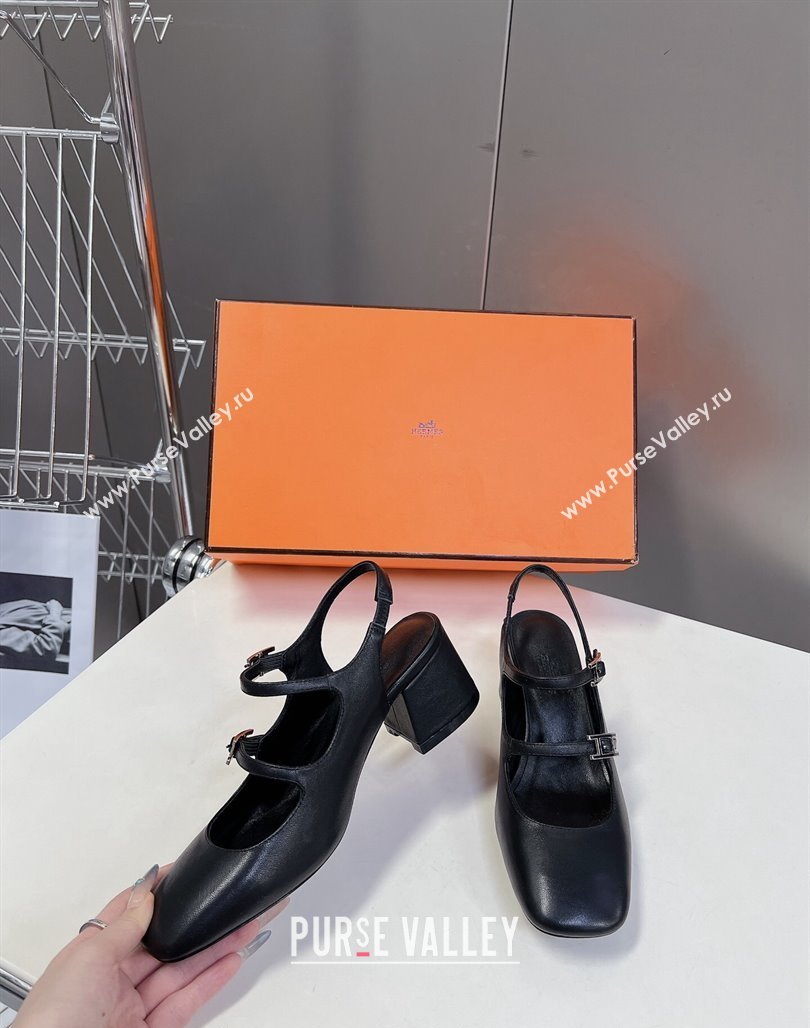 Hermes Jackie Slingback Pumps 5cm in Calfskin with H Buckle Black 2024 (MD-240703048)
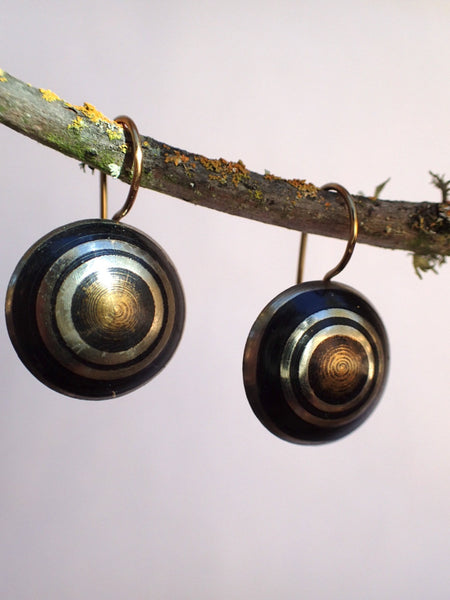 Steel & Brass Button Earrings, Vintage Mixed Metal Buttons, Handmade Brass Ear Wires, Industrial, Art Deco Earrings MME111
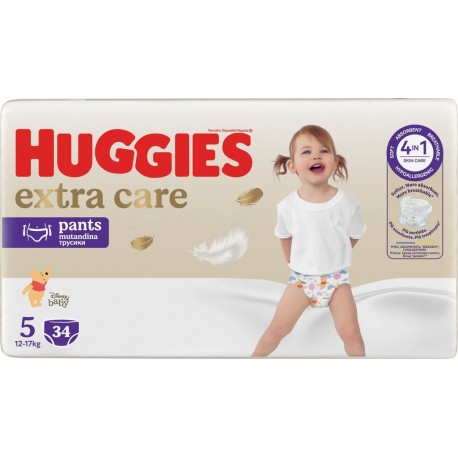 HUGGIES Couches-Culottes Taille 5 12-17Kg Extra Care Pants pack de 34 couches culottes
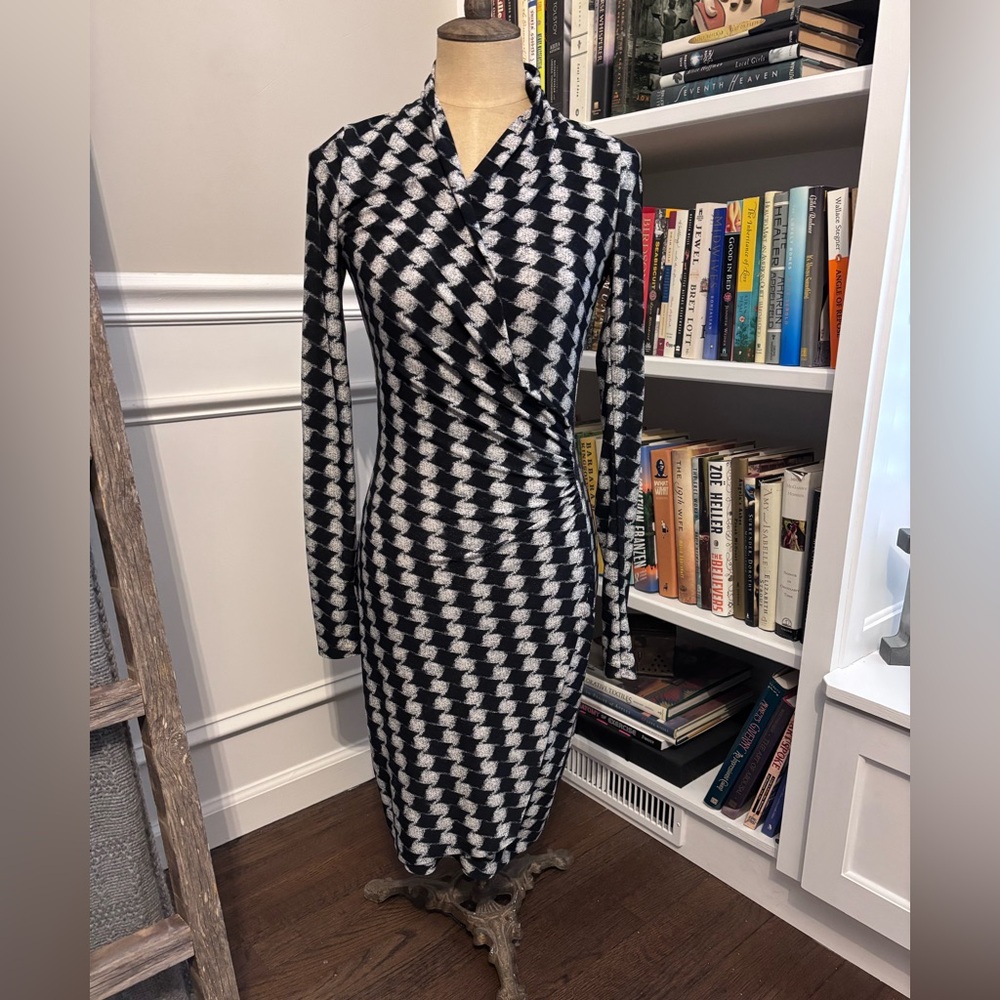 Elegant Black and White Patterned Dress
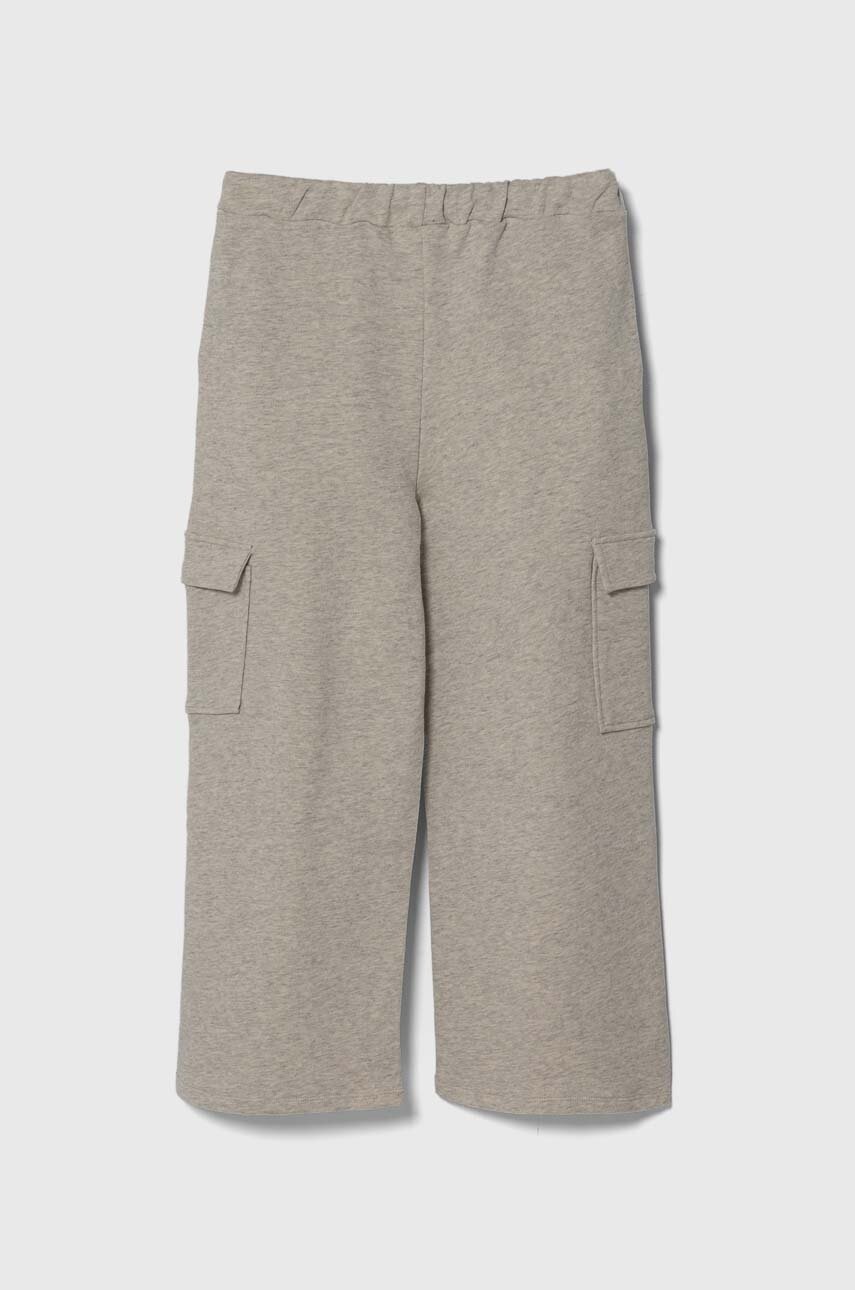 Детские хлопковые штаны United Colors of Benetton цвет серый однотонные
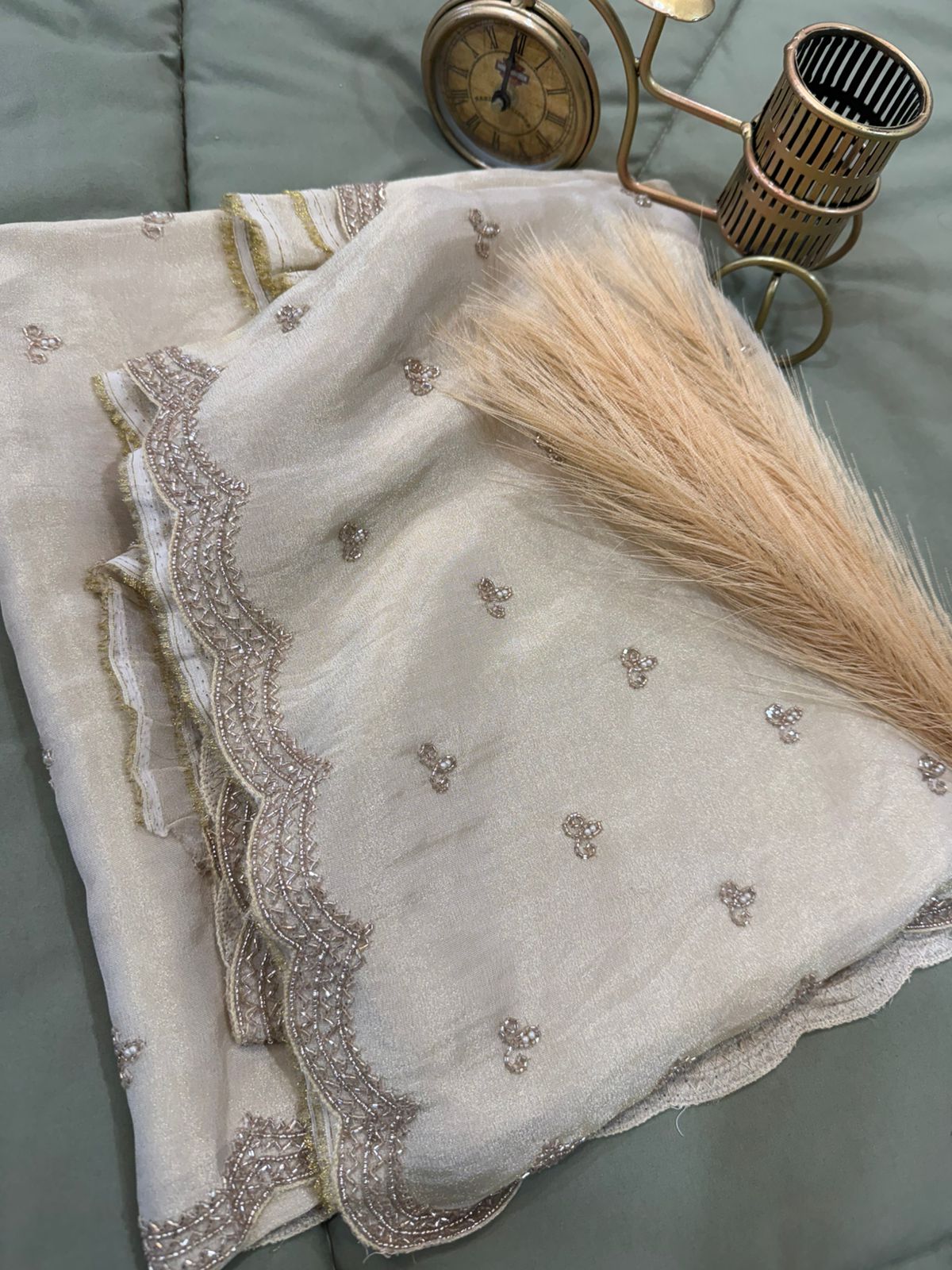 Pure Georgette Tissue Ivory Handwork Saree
---
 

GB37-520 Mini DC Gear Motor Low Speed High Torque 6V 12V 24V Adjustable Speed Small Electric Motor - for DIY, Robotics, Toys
---
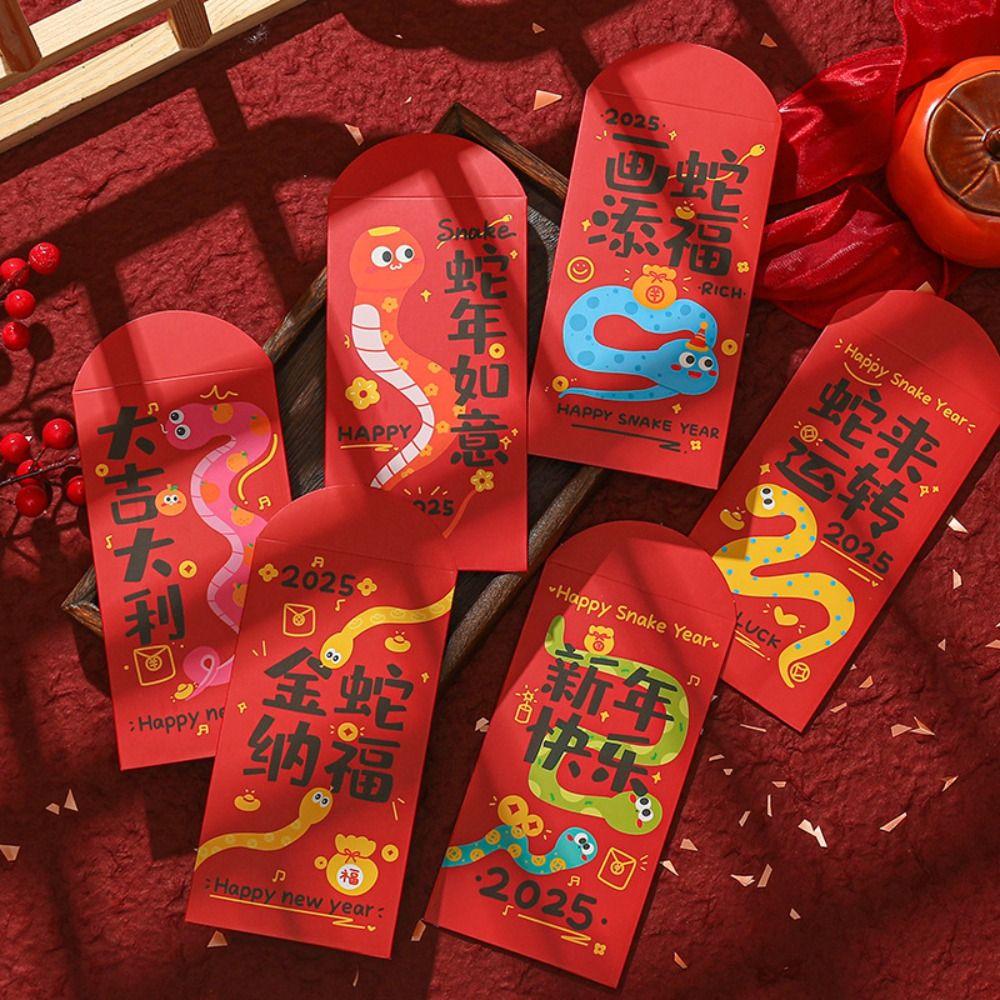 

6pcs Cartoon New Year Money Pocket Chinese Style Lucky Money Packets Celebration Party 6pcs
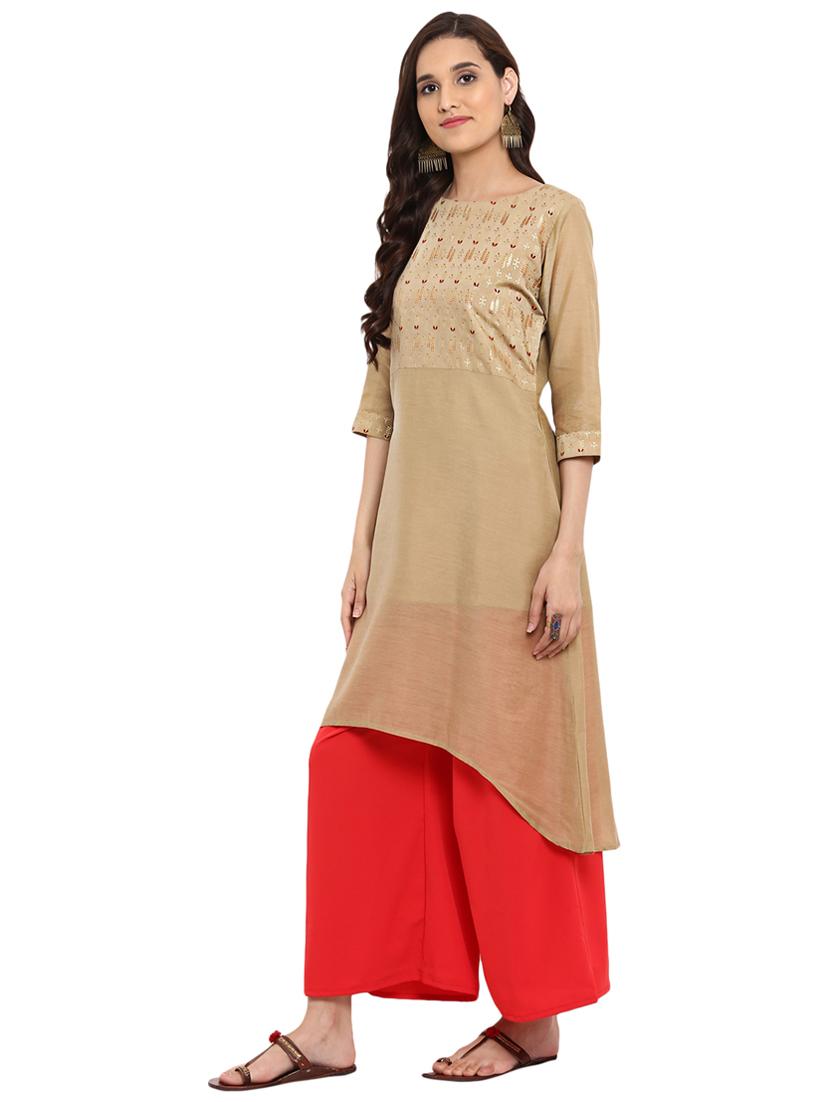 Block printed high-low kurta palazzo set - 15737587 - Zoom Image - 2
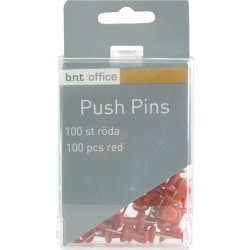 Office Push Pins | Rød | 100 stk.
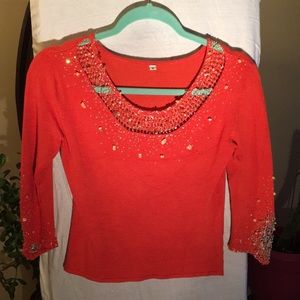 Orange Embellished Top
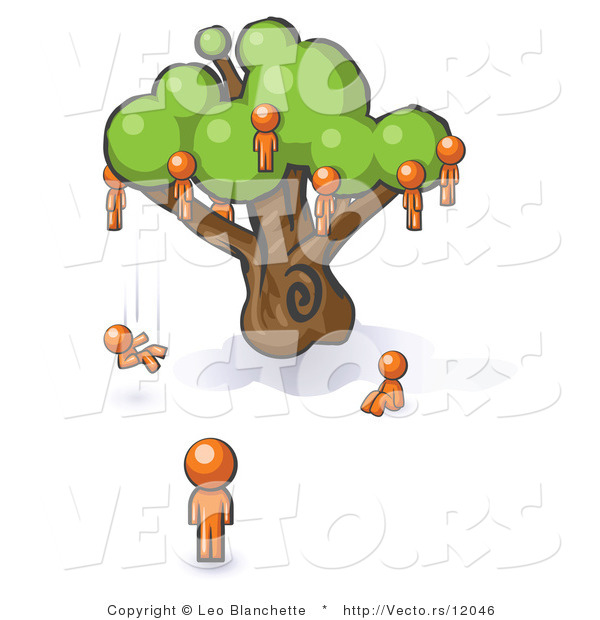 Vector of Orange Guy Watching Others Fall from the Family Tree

- **Task goal**: Within the listing above, the lines from the one with "6pcs Cartoon New" through the one with "Vector of Orange" are to be given again word for word. Do not include pictures.

- **Answer to this problem**:
6pcs Cartoon New Year Money Pocket Chinese Style Lucky Money Packets Celebration Party 6pcs
 Block printed high-low kurta palazzo set - 15737587 - Zoom Image - 2
 Office Push Pins | Rød | 100 stk.
 Orange Embellished Top
 Vector of Orange Guy Watching Others Fall from the Family Tree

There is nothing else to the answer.